Community organizations recommend building a "defensive folder" with all key documents: past DACA approvals, work permits, tax filings, and school transcripts. This helps attorneys quickly evaluate options if the program ends abruptly. Additionally, recipients are encouraged to sign up for legal workshops, stay updated with trusted immigrant advocacy groups and consider joining local coalitions that advocate for permanent protections.
Employment questions loom large. If DACA is revoked entirely, recipients would lose their work permits, rendering them ineligible to continue most forms of employment in the formal economy. Some recipients have begun quietly preparing for such an eventuality: seeking self-employment options, building freelance portfolios or turning to mutual aid networks for temporary support. Others are exploring entrepreneurship and independent contracting in fields like graphic design, childcare, domestic work and content creation, which may not require employer verification through E-Verify.

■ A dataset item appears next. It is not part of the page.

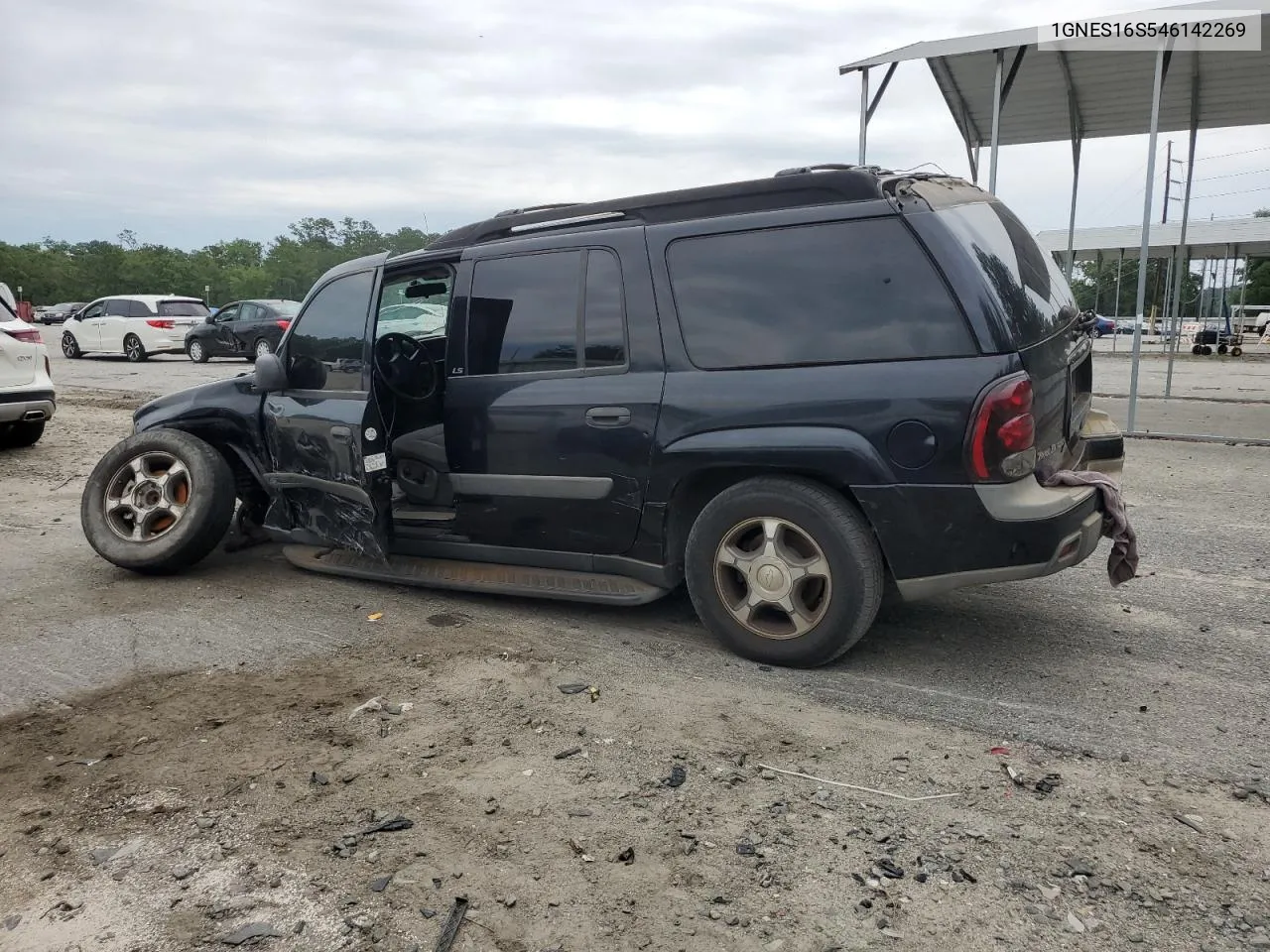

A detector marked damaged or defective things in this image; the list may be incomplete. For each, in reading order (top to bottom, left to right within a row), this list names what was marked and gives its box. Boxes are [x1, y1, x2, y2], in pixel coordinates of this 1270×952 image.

detached front wheel [80, 431, 237, 573]
damaged black suv [81, 164, 1122, 664]
detached front wheel [686, 477, 883, 669]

Labor attorneys stress that while employers would technically be unable to legally retain workers without valid work authorization, they are also not required to proactively terminate someone unless prompted by a verification audit. This gray area leaves some room, albeit a precarious one, for short-term solutions, particularly in smaller or informal workplaces.
Still, what can one do when merely existing in the U.S. and being able to work is a political debate? The very real threat of DACA’s demise has long-term emotional and economic effects. In interviews with outlets like Business Insider and The Guardian, young professionals and college graduates enrolled in DACA express the same ache: the desire to contribute fully to the only country they have known, yet constantly facing a system designed to keep them in a state of fragility.

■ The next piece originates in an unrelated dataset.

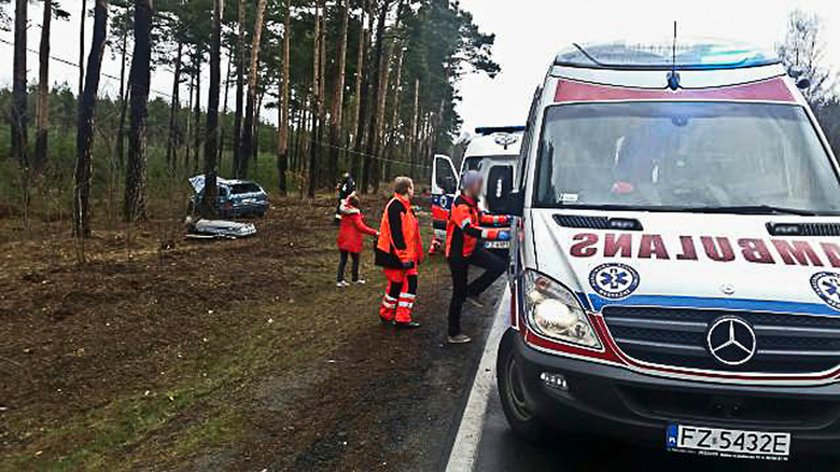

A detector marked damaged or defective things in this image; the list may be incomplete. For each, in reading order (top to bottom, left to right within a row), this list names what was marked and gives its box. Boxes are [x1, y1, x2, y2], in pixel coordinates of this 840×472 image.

crashed dark car [189, 175, 270, 218]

Camila Hernandez, a 23-year-old DACA recipient with a degree in public health, told Business Insider she’s tired of building a future on sand. "Every time we get close to certainty, they take the rug out from under us."

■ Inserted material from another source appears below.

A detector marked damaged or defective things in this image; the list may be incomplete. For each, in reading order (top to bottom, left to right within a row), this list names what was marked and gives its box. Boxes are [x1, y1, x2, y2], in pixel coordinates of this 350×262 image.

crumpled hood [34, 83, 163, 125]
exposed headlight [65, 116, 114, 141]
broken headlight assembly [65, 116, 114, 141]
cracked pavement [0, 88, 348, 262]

The fragility isn’t abstract. An estimated 1,000 DACA recipients could lose their jobs each week if protections are overturned. The effect would ripple through sectors from education to healthcare to the service industry, disproportionately affecting Latino, Black and Asian immigrant communities across Southern California.
For now, recipients are advised not to panic but to prepare. Legal experts caution against international travel, major job changes or self-deportation without seeking legal counsel. The call is to stand firm, but not to stand alone.
DACA was never meant to be a permanent solution. It was a stopgap, an executive compromise born from congressional inaction. The solution, many argue, still lies in Congress’s hands.
"We call on Congress to pass a pathway to citizenship," Salas reiterated, "a permanent protection for more than 500,000 persons who live and work in the U.S. and have DACA."
Until then, DACA recipients wait. Not idly, but actively. They renew paperwork. They organize. They love. They work. They research backup plans and seek legal second opinions. They ask employers about future flexibility or sponsorship possibilities.
For many immigrants, uncertainty has been a place of creation and survival. If and when DACA is revoked, there are organizations like CHIRLA and theDream.us.
In what has been an ongoing campaign and project, the latter is one of many organizations thinking of legal and accessible pathways for immigrants to pursue careers on their own terms and legally.